= DATASET EXTRACT =
+ + + + + + +

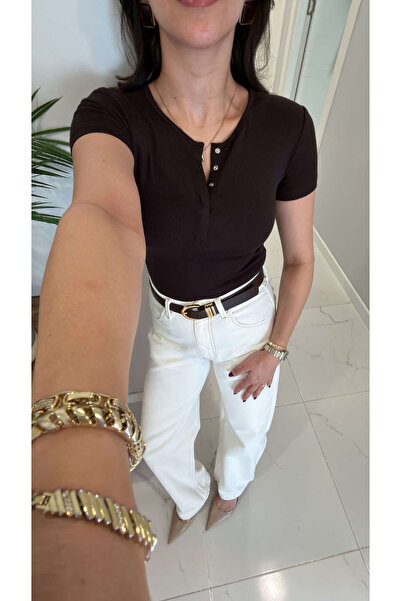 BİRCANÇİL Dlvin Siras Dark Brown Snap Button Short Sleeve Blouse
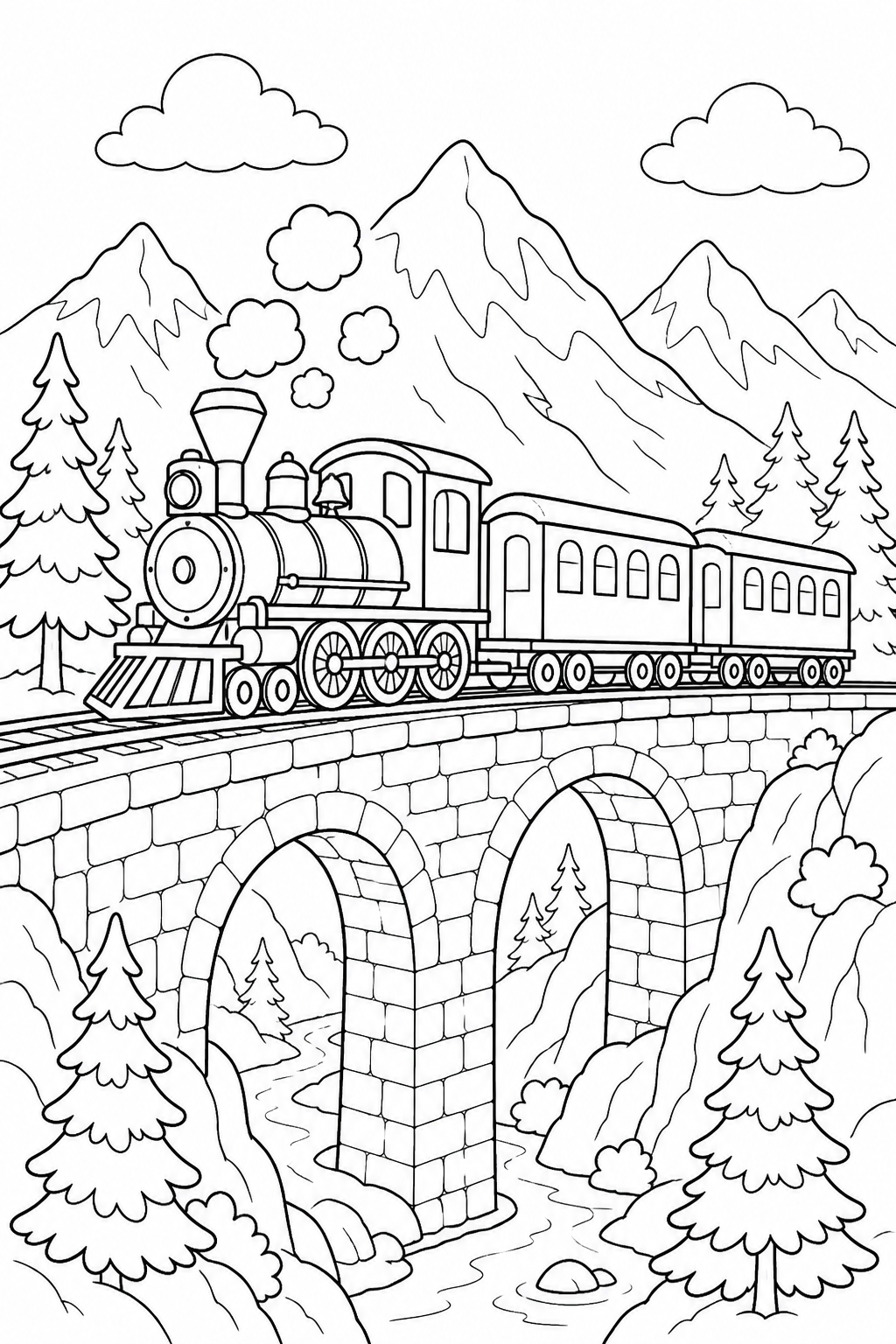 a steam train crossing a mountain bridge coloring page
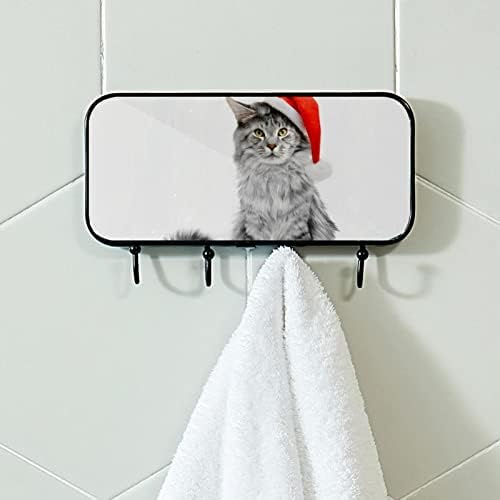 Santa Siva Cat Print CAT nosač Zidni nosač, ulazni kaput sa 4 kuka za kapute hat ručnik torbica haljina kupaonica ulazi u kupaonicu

+ + + + + + +

= TASK BRIEF =
Repeat the data exactly, without the pictures.

= EXPECTED OUTPUT =
 BİRCANÇİL Dlvin Siras Dark Brown Snap Button Short Sleeve Blouse
 a steam train crossing a mountain bridge coloring page
 Santa Siva Cat Print CAT nosač Zidni nosač, ulazni kaput sa 4 kuka za kapute hat ručnik torbica haljina kupaonica ulazi u kupaonicu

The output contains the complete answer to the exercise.